What you will do
Give the number of lines in this listing that hold "image". No other words belong in the reply.

Working data
= = =
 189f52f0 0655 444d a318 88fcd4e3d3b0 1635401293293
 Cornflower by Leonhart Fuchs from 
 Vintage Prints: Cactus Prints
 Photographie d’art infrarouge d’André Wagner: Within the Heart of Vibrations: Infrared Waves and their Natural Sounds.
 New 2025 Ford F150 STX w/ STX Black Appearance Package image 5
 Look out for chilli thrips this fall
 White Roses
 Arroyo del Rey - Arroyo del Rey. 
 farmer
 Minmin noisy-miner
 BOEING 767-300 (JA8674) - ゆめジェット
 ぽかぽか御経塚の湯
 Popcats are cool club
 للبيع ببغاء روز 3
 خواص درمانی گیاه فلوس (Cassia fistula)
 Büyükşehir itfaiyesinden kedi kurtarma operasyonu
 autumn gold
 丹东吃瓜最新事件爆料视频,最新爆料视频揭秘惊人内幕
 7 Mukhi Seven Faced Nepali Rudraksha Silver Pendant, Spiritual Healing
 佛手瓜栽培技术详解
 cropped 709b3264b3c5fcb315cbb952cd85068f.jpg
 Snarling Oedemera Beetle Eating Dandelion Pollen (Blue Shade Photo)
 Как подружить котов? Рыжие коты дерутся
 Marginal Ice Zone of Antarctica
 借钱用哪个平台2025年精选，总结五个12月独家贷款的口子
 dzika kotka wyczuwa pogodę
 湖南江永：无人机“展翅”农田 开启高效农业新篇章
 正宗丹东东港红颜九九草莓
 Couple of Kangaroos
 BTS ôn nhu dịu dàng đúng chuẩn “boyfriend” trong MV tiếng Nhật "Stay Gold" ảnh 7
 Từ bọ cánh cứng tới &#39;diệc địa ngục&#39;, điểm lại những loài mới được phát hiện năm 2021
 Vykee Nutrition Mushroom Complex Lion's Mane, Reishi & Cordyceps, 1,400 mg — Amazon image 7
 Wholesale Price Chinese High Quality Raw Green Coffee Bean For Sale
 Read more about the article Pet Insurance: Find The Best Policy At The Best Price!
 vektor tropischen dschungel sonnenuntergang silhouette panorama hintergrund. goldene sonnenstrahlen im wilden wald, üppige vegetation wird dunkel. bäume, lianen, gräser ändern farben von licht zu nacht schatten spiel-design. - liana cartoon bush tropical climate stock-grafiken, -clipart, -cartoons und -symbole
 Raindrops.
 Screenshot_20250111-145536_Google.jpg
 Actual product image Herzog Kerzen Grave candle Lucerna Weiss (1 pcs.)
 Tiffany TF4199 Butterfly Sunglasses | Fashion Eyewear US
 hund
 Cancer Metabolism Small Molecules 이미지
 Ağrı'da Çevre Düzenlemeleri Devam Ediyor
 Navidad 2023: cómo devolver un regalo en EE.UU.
= = =
Answer box
3